# Aim of the exercise
Take nothing but the lines from the one with "URRU Men's Knit" through the one with "Tirelire coffre-fort 13,5x13,5xH19,5cm" in the entries below, both ends kept, and return them exactly with pictures left out.

# Records for this task

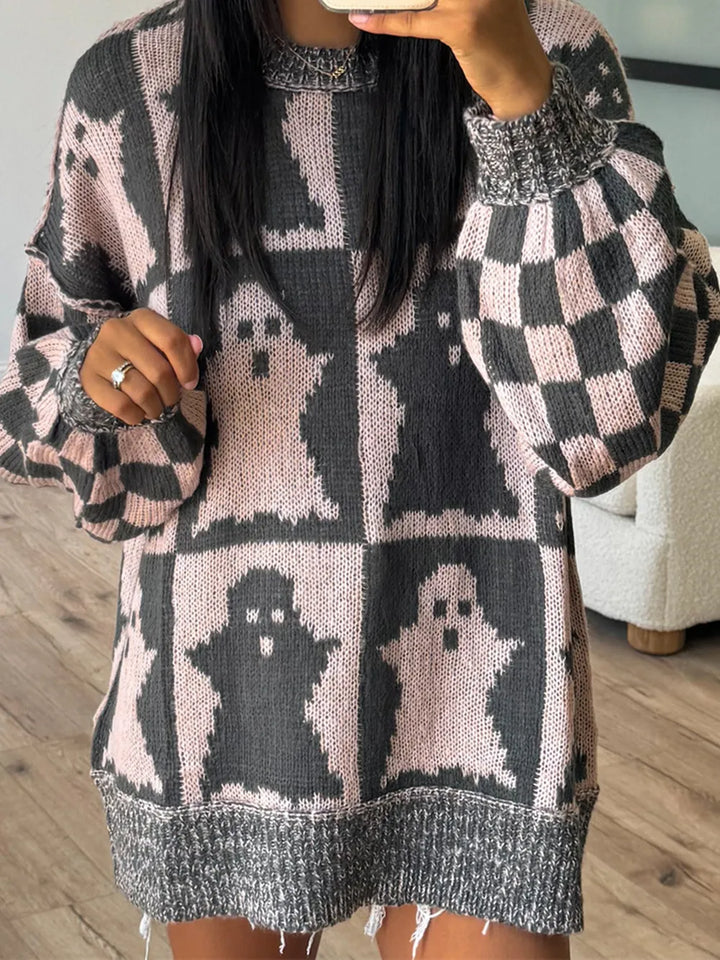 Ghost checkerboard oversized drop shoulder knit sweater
* * *
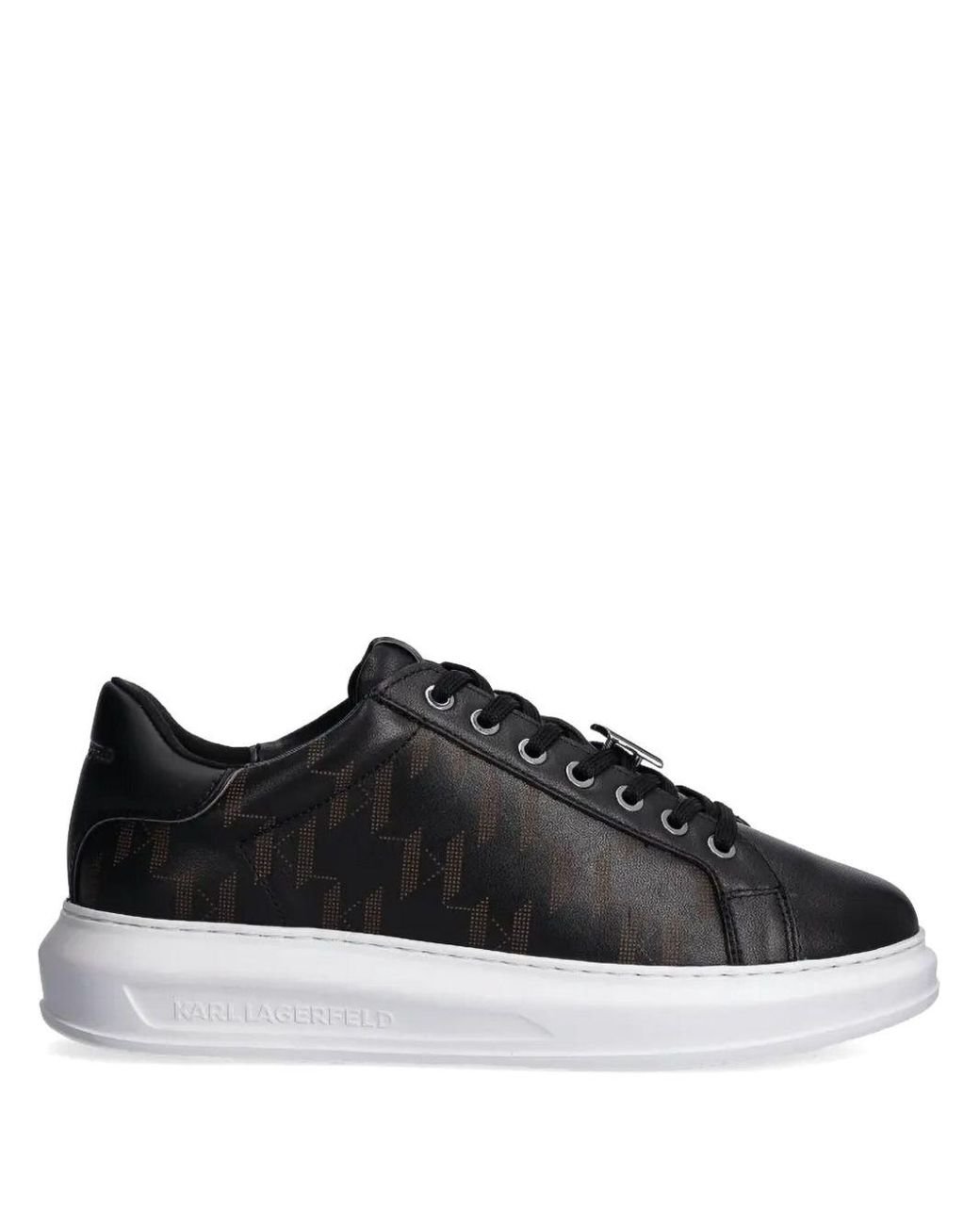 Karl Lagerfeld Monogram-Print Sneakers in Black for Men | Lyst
...
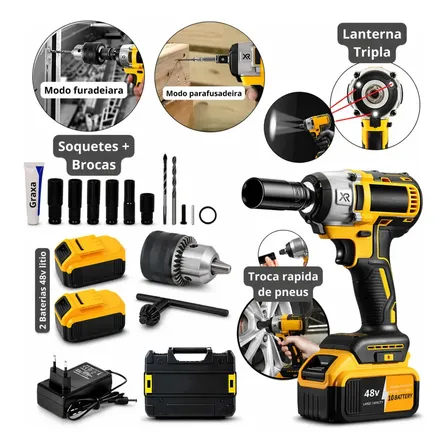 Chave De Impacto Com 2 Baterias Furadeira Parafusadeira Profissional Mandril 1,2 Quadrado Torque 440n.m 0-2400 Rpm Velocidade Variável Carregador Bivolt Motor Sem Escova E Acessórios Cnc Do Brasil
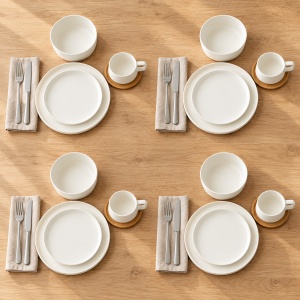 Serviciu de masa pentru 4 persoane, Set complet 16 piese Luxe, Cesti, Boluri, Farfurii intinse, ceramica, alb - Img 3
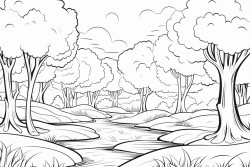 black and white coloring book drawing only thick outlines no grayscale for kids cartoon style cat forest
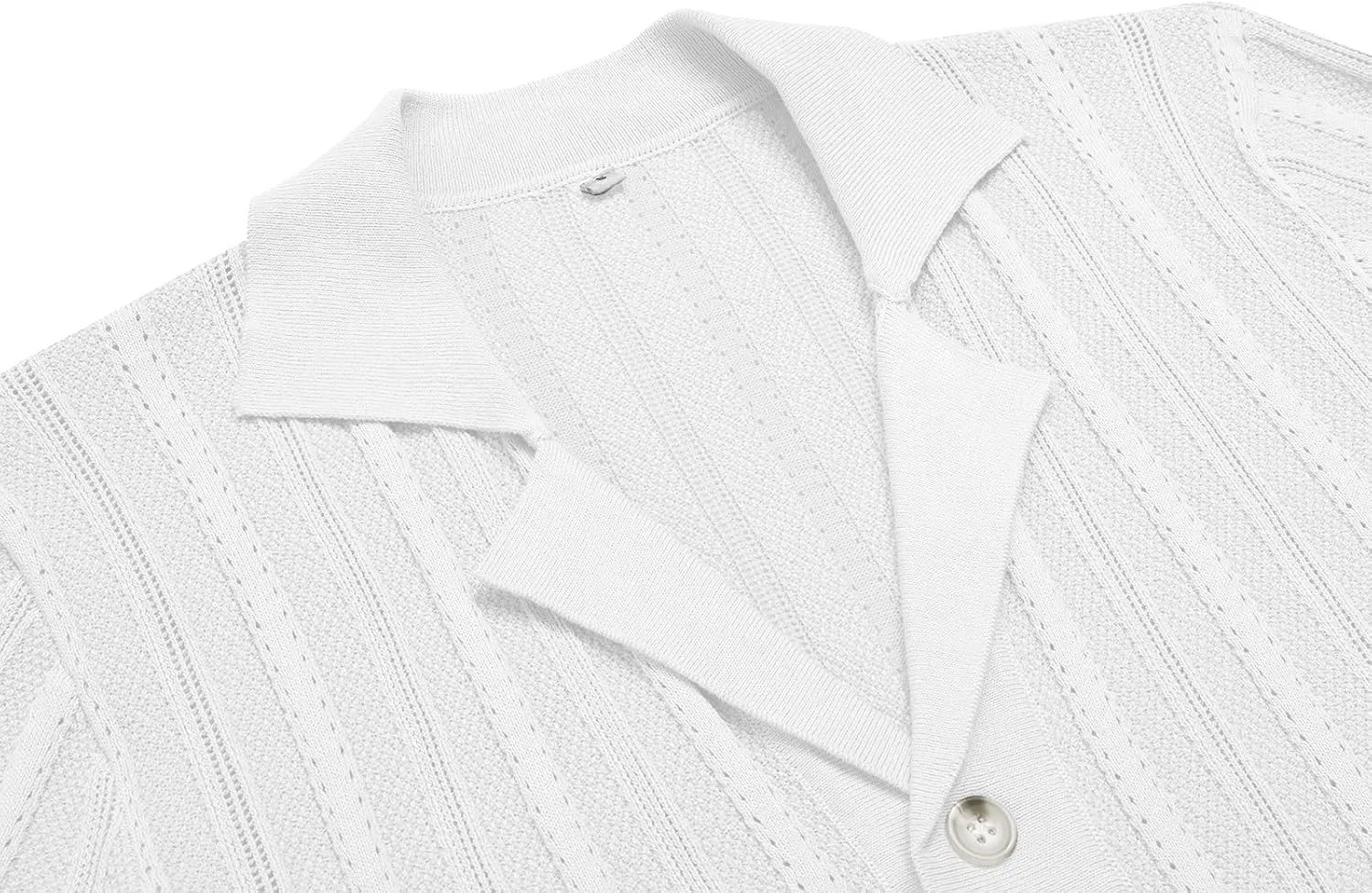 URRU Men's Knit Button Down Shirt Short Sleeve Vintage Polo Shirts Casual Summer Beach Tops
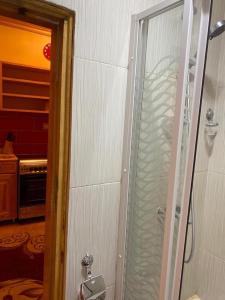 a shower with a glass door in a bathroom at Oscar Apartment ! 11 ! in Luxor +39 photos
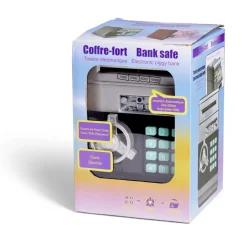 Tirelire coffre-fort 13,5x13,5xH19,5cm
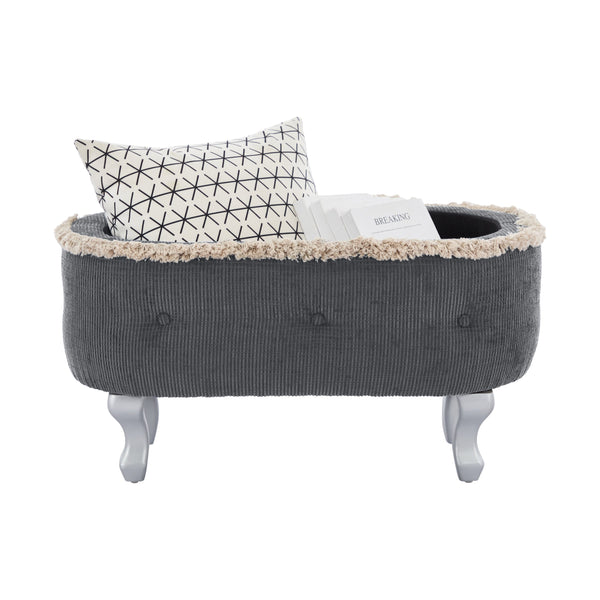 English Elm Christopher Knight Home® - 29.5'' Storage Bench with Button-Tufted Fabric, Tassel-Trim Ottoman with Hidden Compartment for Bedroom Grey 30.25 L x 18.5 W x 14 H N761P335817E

# Result
 URRU Men's Knit Button Down Shirt Short Sleeve Vintage Polo Shirts Casual Summer Beach Tops
 a shower with a glass door in a bathroom at Oscar Apartment ! 11 ! in Luxor +39 photos
 Tirelire coffre-fort 13,5x13,5xH19,5cm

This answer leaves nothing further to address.